Delivering on a major announcement at the summit could help underscore the ongoing unity among allies, which US officials say surprised Putin as his military struggles with casualties on the ground.

“He miscalculated about the West. I think he thought…there would be some reprimands, maybe some punishment, but he could resist it, and he could carry on, and he could move on. “said Marie Yovanovitch, the former US ambassador to Ukraine.

“Instead, he inspired a resurgence of NATO. And the West is united in opposition and not only trying to somehow strengthen NATO and the flank countries on the border of Ukraine , but also to provide support to Ukraine.”

Countering China will be a priority after the Biden-Xi call

The upcoming summits will also provide Biden with an opportunity to take the temperature of his counterparts on another topic: what to do if Chinese President Xi Jinping decides to provide military or economic support to Russia, as Putin has demanded.

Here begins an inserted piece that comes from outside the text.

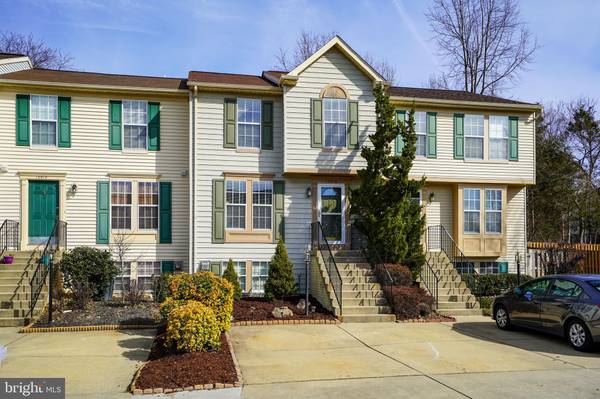 13916 WINDING RIDGE LN, Centreville, VA 20121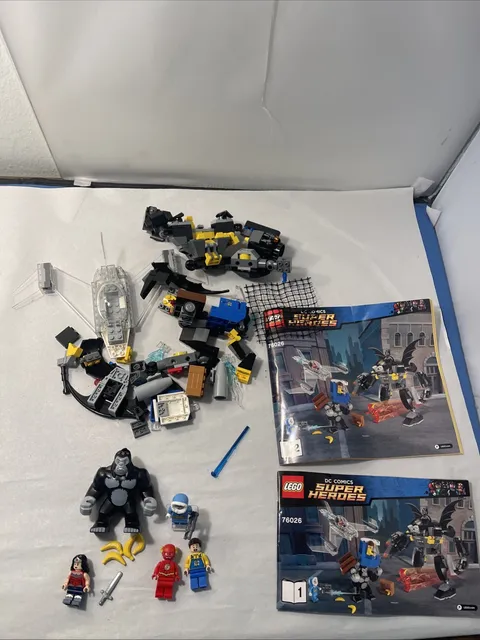 Lego DC Super Heros Gorilla Grodd Goes Bananas w/ 5 Mini-Figs No Batman As-Is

During a 110-minute call with Xi last week, Biden laid out the “implications and consequences” of continuing that support, according to the White House. But punishing China – the world’s second largest economy – would be much more complicated than it has been with Russia, and would require the same unity with Europe, which has not always agreed with Biden on the way to approach Beijing.

“This is an incredibly important summit. It is taking place in an extraordinary way in the midst of a crisis. This is partly to ensure that we and our allies [are] on the same page, which is fine. But it’s also very important to send a signal to Vladimir Putin,” said Kurt Volker, former US ambassador to NATO and special envoy for Ukraine.

Volker identified several messages the alliance needs to send at its summit, including recommitting to the collective defense guarantee of Article 5 and clarifying that Russia’s use of nuclear weapons would justify a Western response.

But he said NATO must also make it clear that Ukraine – which is not a member of its group – is nevertheless an issue of critical importance to its members.

“I think it is very important that NATO also sends a signal about Ukraine, that the survival of Ukraine as an independent and sovereign state in Europe is in NATO’s interest “, Volker said. “We don’t want to say what we’re not doing. We don’t want to be too specific about what we’re going to do. But we have to send a signal to Putin that we’re not going to sit idly by while he destroys and eliminates a sovereign European country.”